Crawled caption data:
--------------------------------------------------
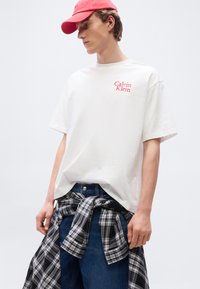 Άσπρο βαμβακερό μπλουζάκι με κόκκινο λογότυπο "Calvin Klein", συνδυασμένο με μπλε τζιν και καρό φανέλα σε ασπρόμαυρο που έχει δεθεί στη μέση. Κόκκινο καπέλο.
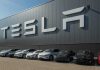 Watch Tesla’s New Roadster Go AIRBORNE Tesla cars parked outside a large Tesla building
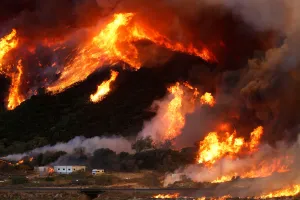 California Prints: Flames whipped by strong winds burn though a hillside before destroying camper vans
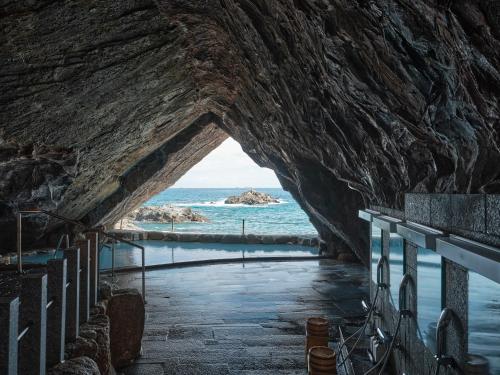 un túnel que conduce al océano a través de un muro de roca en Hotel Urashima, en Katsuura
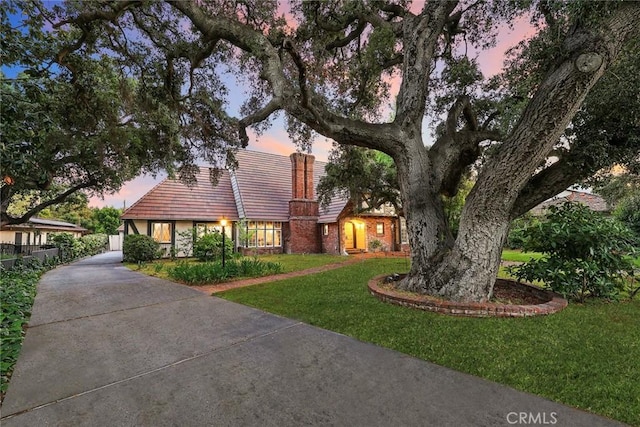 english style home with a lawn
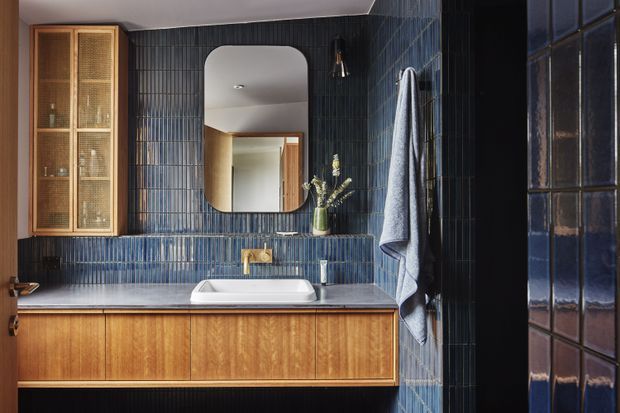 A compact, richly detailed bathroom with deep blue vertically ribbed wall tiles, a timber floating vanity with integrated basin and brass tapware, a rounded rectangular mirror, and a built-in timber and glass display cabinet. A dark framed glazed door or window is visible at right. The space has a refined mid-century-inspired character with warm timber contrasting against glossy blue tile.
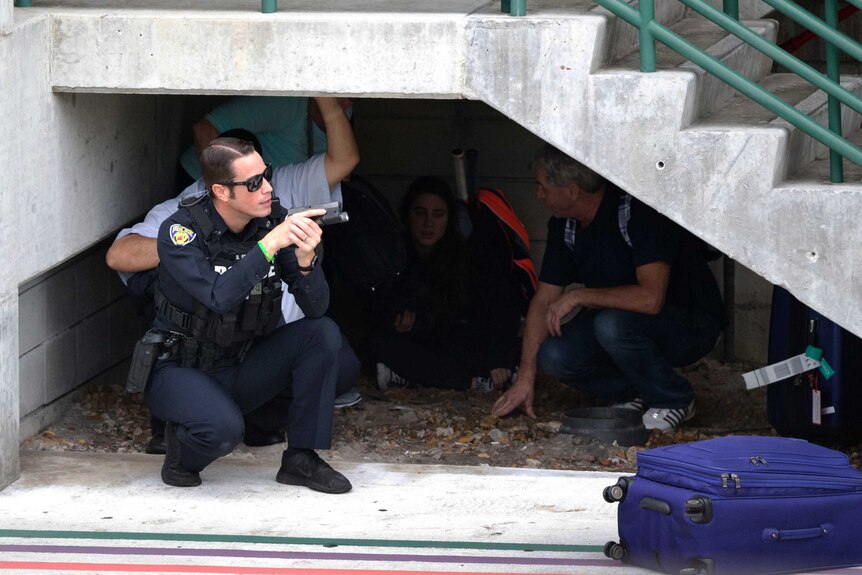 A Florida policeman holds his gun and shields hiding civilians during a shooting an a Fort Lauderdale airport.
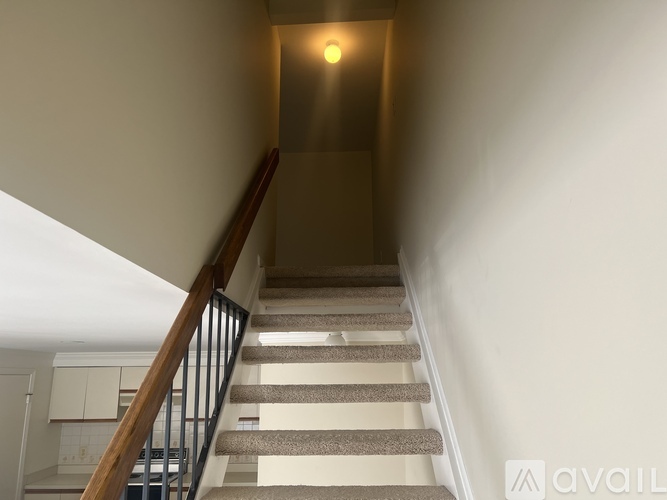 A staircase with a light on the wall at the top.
--------------------------------------------------
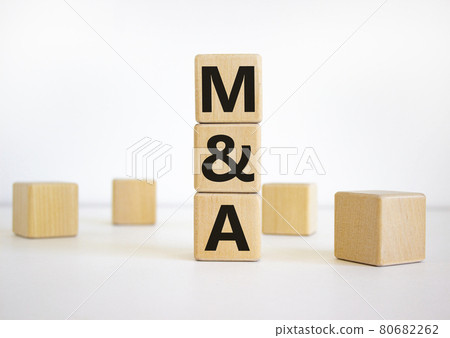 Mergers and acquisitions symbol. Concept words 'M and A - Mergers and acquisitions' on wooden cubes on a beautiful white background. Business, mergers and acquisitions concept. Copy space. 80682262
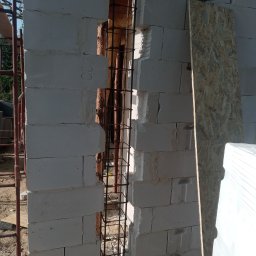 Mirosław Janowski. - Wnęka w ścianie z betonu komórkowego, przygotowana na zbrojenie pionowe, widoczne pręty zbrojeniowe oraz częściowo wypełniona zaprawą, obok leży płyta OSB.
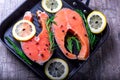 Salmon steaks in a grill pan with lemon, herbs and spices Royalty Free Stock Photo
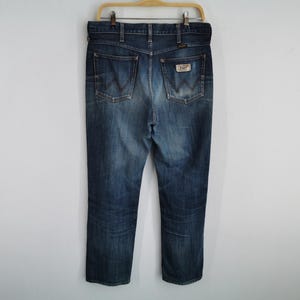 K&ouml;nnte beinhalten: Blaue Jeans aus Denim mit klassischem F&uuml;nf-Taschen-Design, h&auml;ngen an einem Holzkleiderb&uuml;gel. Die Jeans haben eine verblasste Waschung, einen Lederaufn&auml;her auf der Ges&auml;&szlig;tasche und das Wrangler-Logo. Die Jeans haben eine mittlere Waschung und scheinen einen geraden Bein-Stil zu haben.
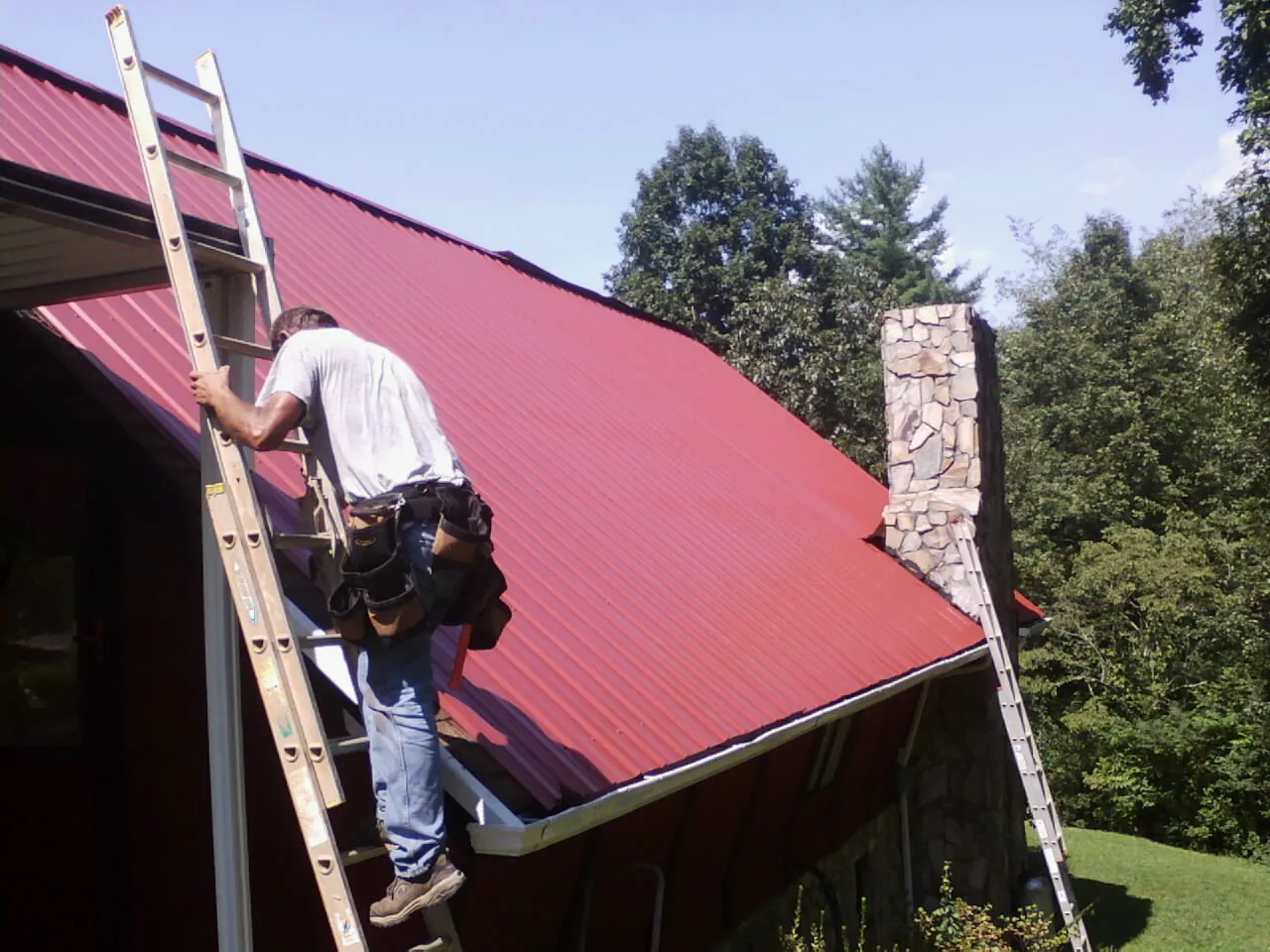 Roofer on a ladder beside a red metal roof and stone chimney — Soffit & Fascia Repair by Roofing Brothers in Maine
--------------------------------------------------
§ **WORK ITEM**
In the records above, find the line with "Mirosław Janowski. - Wnęka" and the line with "Roofer on a". Write out exactly those lines and every one between, with no pictures and no other lines.

§ **TASK OUTPUT**
 Mirosław Janowski. - Wnęka w ścianie z betonu komórkowego, przygotowana na zbrojenie pionowe, widoczne pręty zbrojeniowe oraz częściowo wypełniona zaprawą, obok leży płyta OSB.
 Salmon steaks in a grill pan with lemon, herbs and spices Royalty Free Stock Photo
 K&ouml;nnte beinhalten: Blaue Jeans aus Denim mit klassischem F&uuml;nf-Taschen-Design, h&auml;ngen an einem Holzkleiderb&uuml;gel. Die Jeans haben eine verblasste Waschung, einen Lederaufn&auml;her auf der Ges&auml;&szlig;tasche und das Wrangler-Logo. Die Jeans haben eine mittlere Waschung und scheinen einen geraden Bein-Stil zu haben.
 Roofer on a ladder beside a red metal roof and stone chimney — Soffit & Fascia Repair by Roofing Brothers in Maine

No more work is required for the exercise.